Beyond structure, these behaviors acquire a ritualistic quality, functioning like a moral liturgy of purification. Confession and self-criticism, from Stalin’s show trials to Maoist struggle sessions, serve to reaffirm the group’s unity and commitment. Heresiology mirrors medieval religious practices, defining the community by identifying and condemning deviations. Denunciation, whether of others or oneself, becomes a symbolic act of faith, a demonstration of loyalty and righteousness.

Even without state power, leftist collectives can reenact this drama because it provides cohesion, meaning, and catharsis. It is less a matter of premeditated cruelty than a social mechanism for maintaining shared belief under stress.

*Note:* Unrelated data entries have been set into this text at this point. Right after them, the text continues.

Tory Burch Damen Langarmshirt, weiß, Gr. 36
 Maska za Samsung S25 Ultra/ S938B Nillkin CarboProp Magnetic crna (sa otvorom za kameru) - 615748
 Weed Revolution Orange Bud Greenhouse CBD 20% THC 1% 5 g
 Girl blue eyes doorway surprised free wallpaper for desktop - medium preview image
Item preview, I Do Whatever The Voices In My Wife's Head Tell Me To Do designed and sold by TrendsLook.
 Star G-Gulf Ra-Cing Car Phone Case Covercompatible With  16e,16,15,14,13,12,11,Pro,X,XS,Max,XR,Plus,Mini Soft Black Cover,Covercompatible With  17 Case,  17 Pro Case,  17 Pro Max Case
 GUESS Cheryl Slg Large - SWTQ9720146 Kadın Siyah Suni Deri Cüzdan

The Iterations of Leftist churches

The Communist Party of Canada (CPC) and the Communist Party of Canada (Marxist–Leninist) (CPC(M‑L)) represent two very different types of Canadian Communist‑party formation, each with distinct social origins and operational dynamics. I think the CPC is something of a “red‑diaper baby” savings‑account and theatre piece: a party rooted in older left traditions, especially among Western, socially liberal Jewish and “White” Communists, which after the collapse of the Soviet bloc in 1991 became more reformist and symbolic than mass‑mobilized.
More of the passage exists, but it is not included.